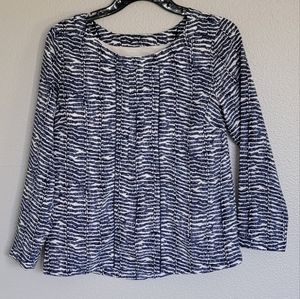 VINEYARD NAVY LONG SLEEVE TOP/  SIZE 0.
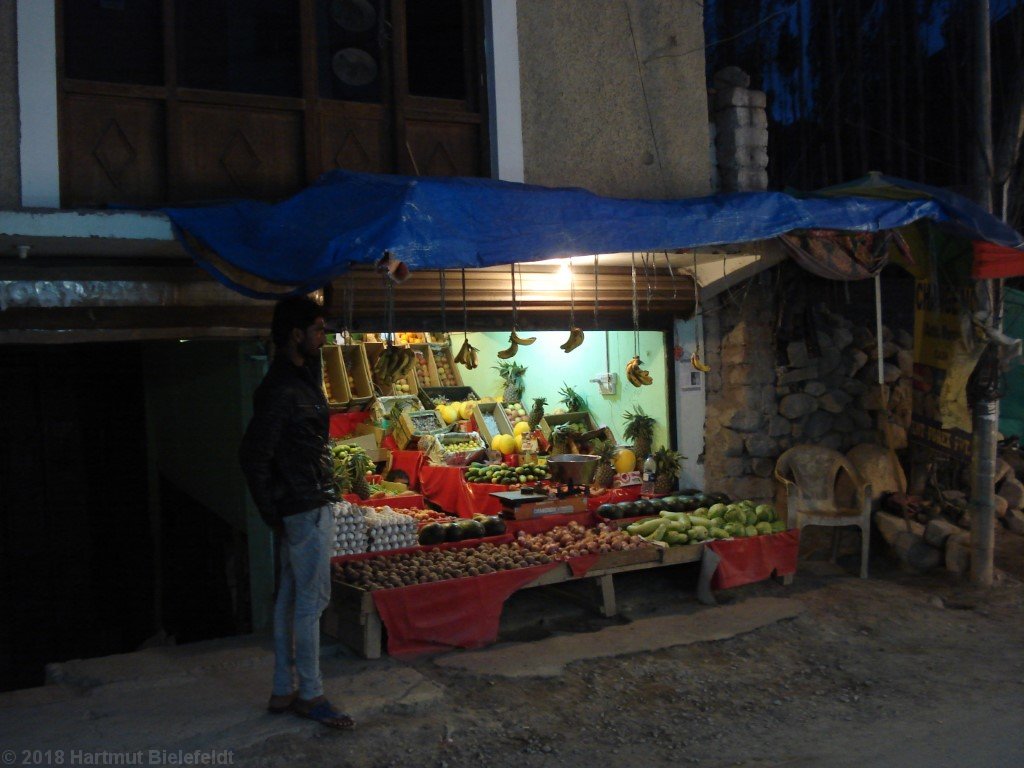 Obst- und Gemüseladen in Leh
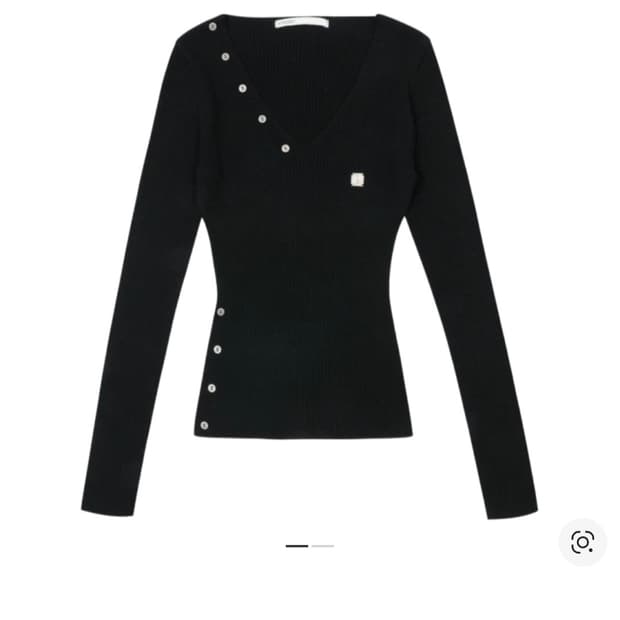 보헤미안서울 버튼 브이넥 슬릿 니트 BUTTON SLIT KNIT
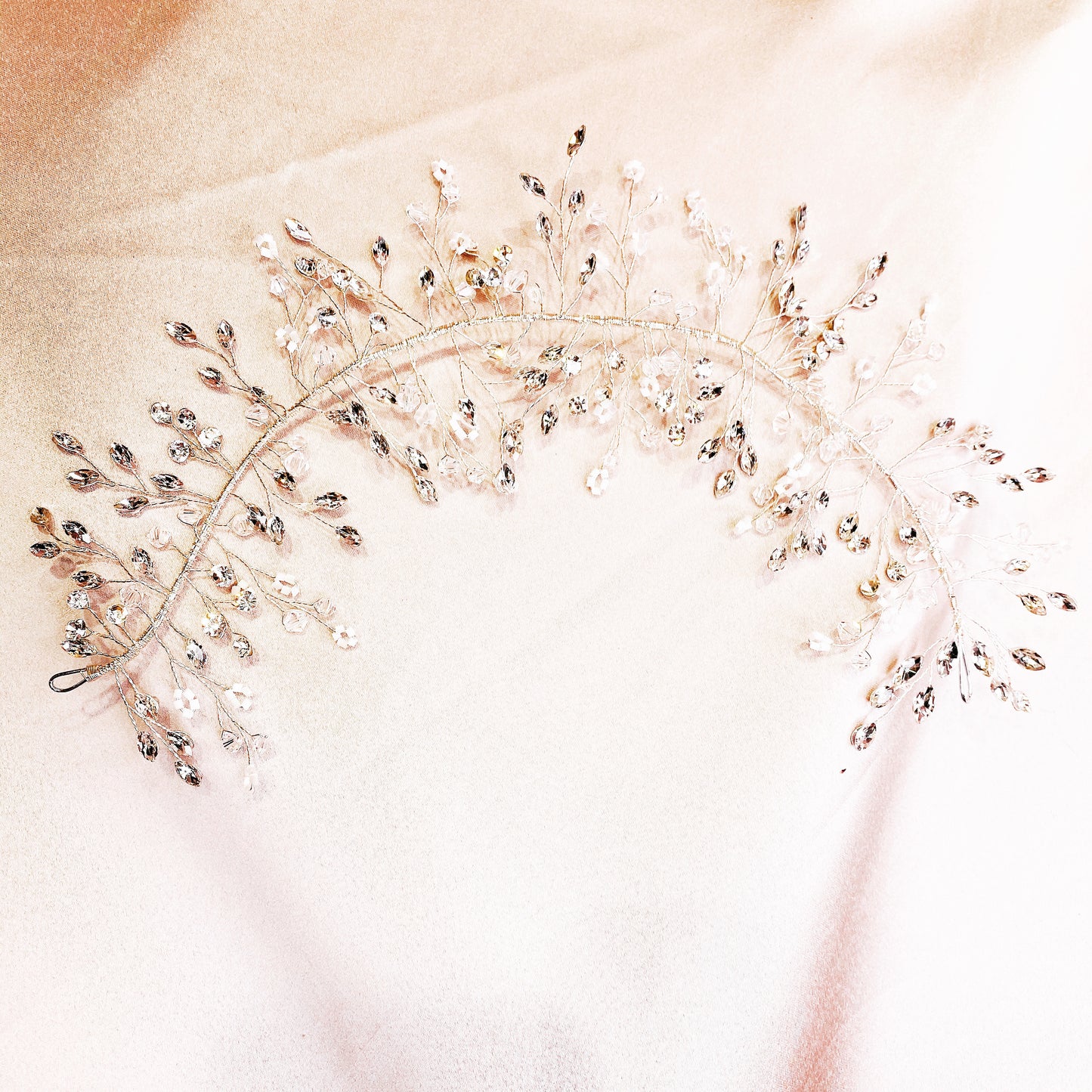 #06412059 Available in Color Silver and Golden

* **Work instructions**
The full text of the data above, exact and without pictures, is what to return.

* **Finished task**
 VINEYARD NAVY LONG SLEEVE TOP/  SIZE 0.
 Obst- und Gemüseladen in Leh
 보헤미안서울 버튼 브이넥 슬릿 니트 BUTTON SLIT KNIT
 #06412059 Available in Color Silver and Golden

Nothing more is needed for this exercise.